[Start of Attachment]

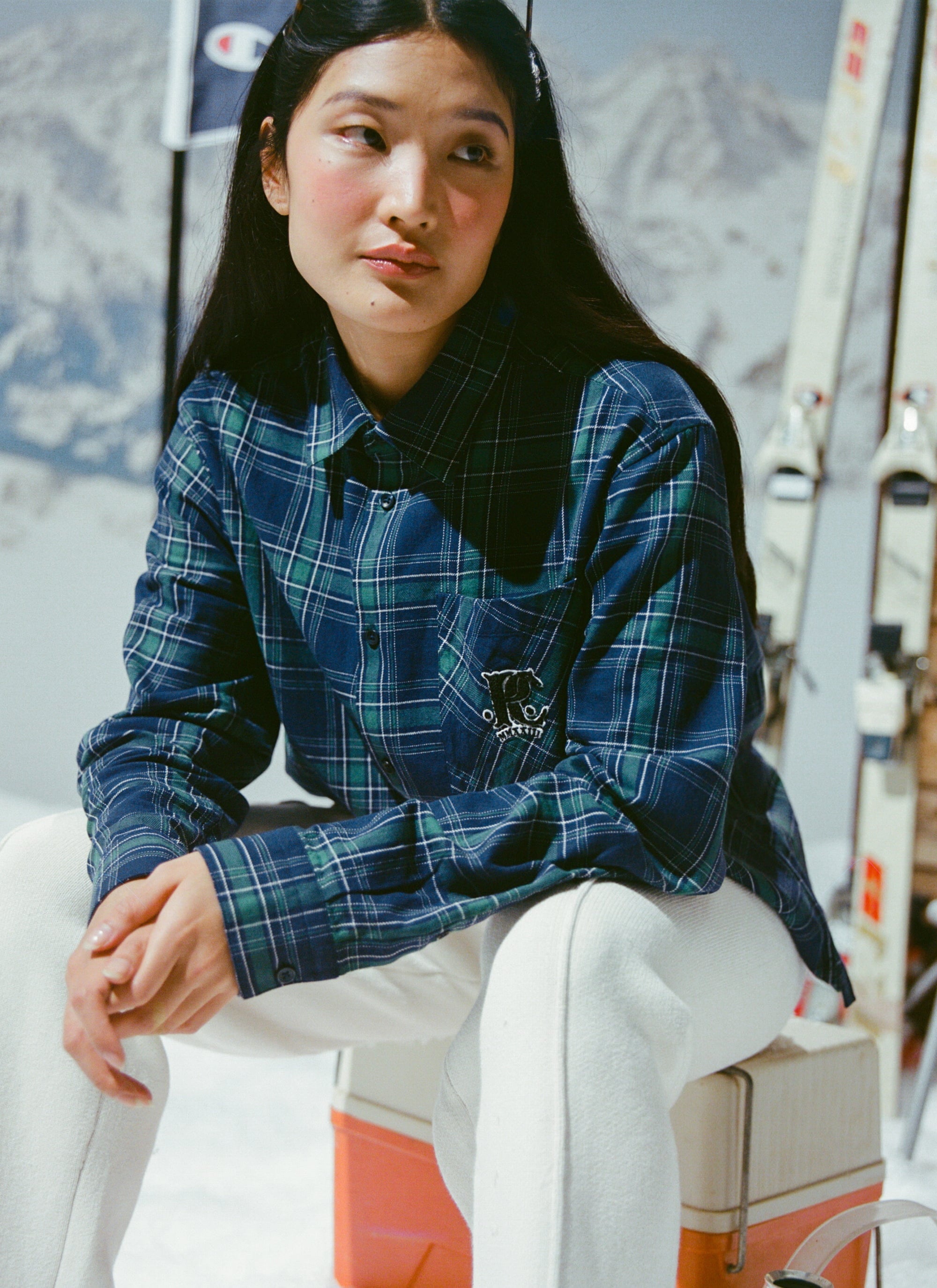 A woman models the Percival x Champion Check Boxy Long Sleeve Shirt in a blue and green tartan against a ski backdrop.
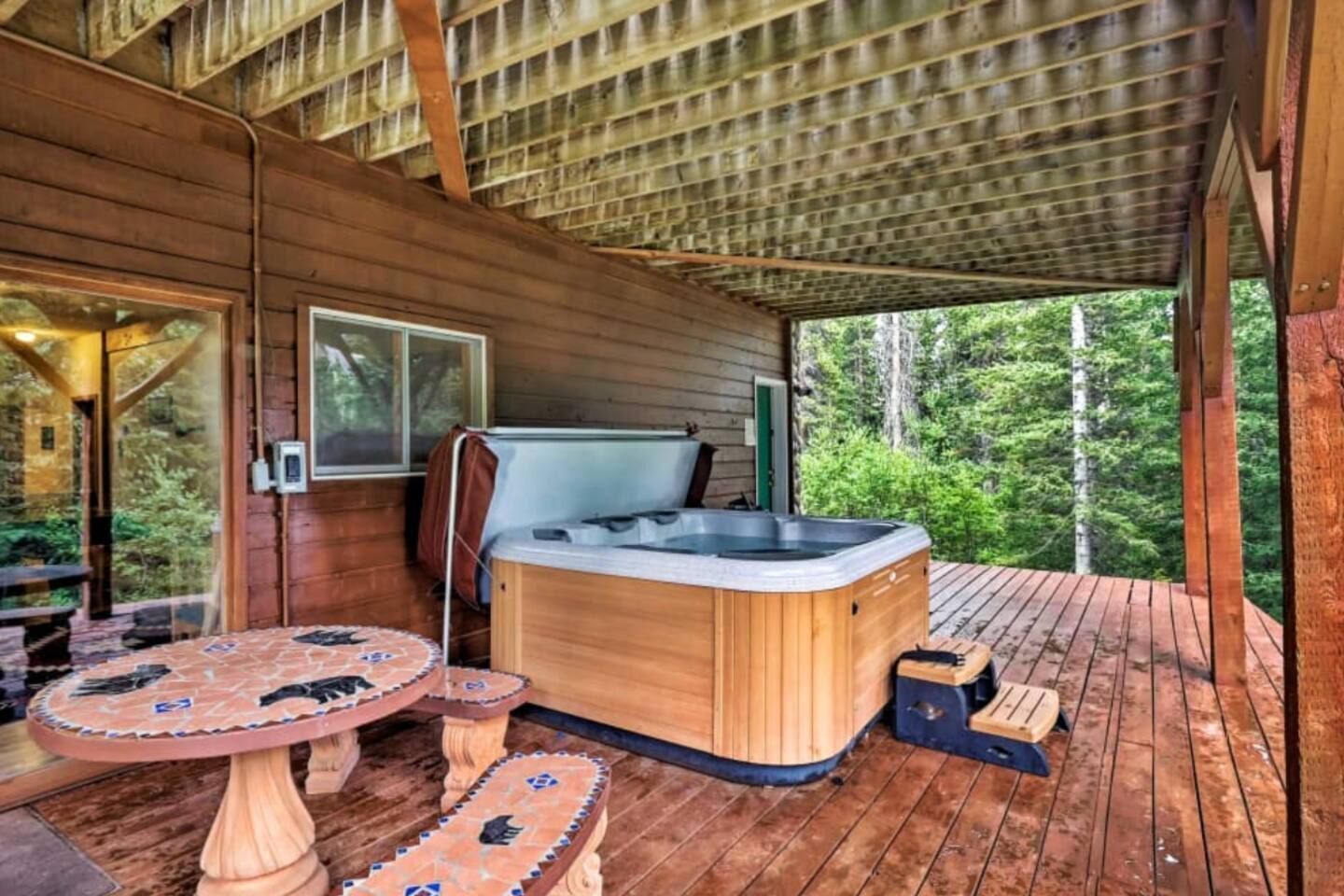 Covered wooden deck featuring a hot tub and an outdoor tiled table overlooking the woods.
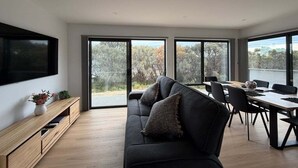 Ein modernes Wohnzimmer mit einer Couch, einem Esstisch und Stühlen. Ein Fernseher ist an der Wand befestigt und ein Fenster bietet einen Blick ins Freie.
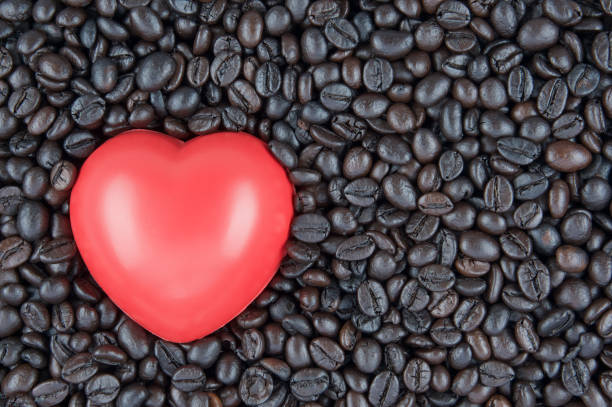 istock Red heart shape place on black roasted coffee beans 685865880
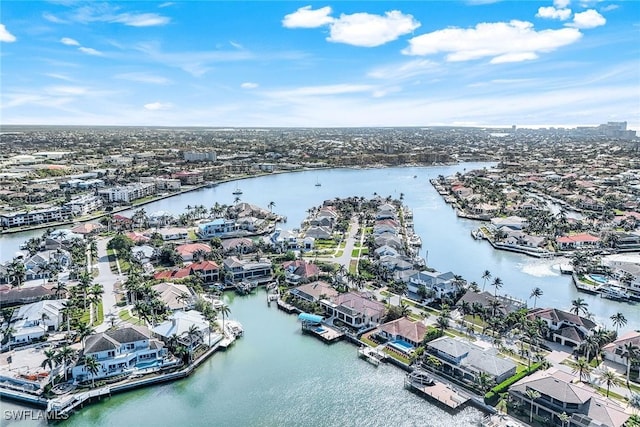 bird's eye view with a residential view and a water view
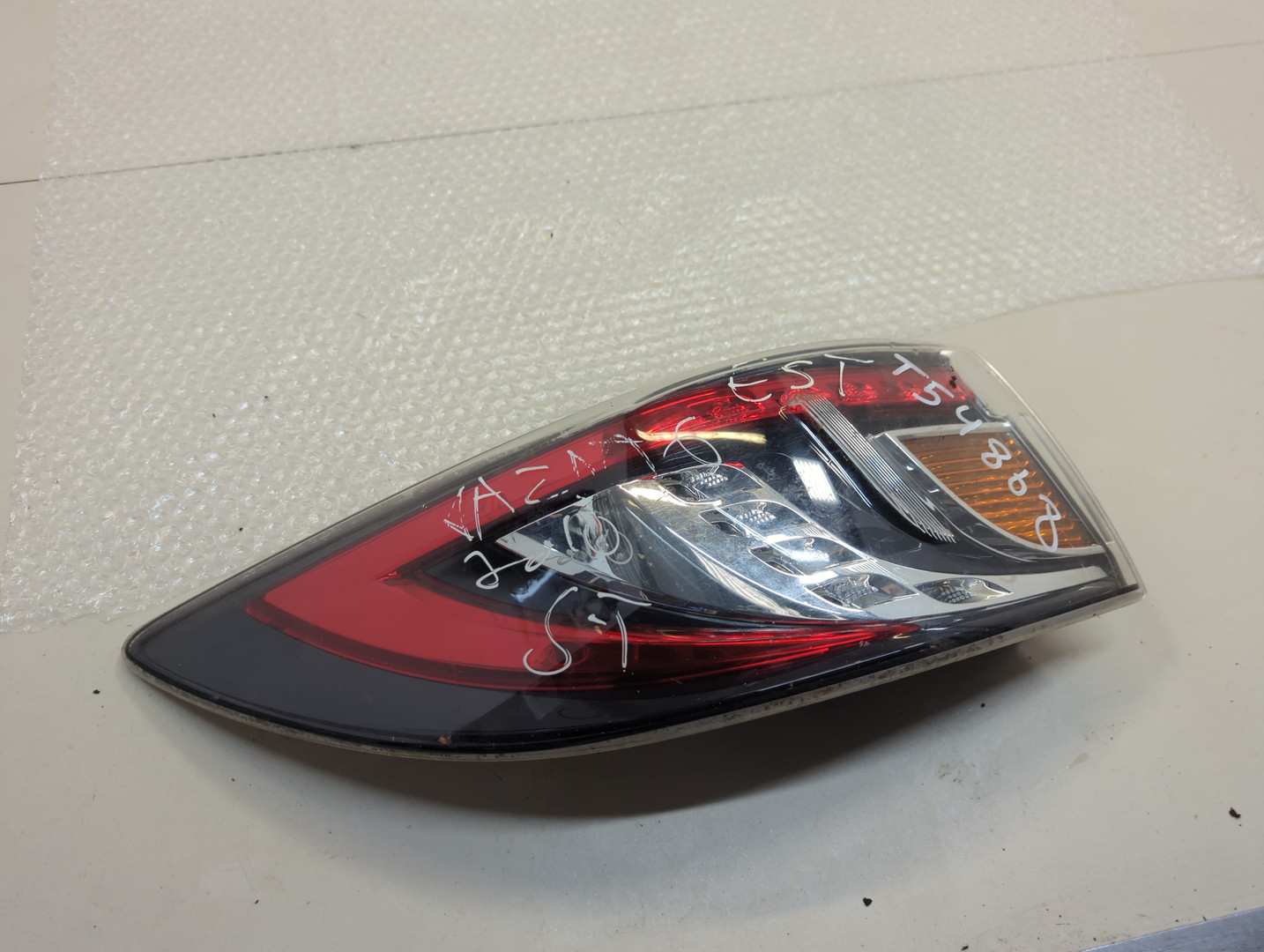 Фонарь задний левый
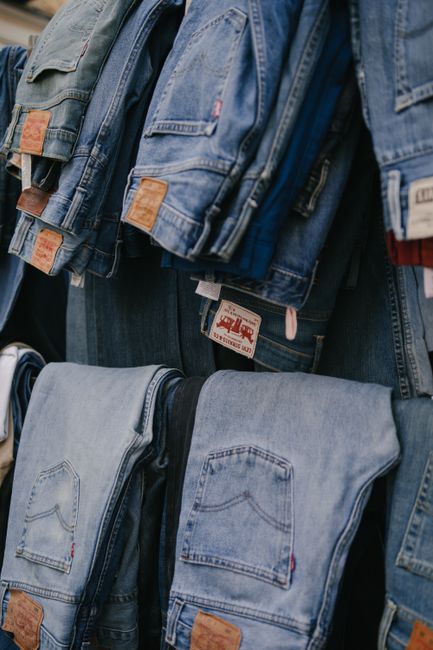 Folded and hanging jeans in a clothing store in Madrid, showcasing fashion variety.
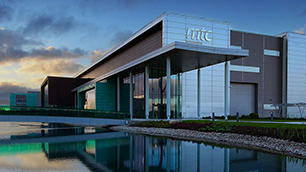 The MTC factory at sunset with a pond in the foreground.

[End of Attachment]

= TASK REQUIREMENTS =
Beginning at the line that has "Ein modernes Wohnzimmer" and ending at the line that has "Folded and hanging", restate the listing above word for word, pictures left out.

= REPLY =
 Ein modernes Wohnzimmer mit einer Couch, einem Esstisch und Stühlen. Ein Fernseher ist an der Wand befestigt und ein Fenster bietet einen Blick ins Freie.
 istock Red heart shape place on black roasted coffee beans 685865880
 bird's eye view with a residential view and a water view
 Фонарь задний левый
 Folded and hanging jeans in a clothing store in Madrid, showcasing fashion variety.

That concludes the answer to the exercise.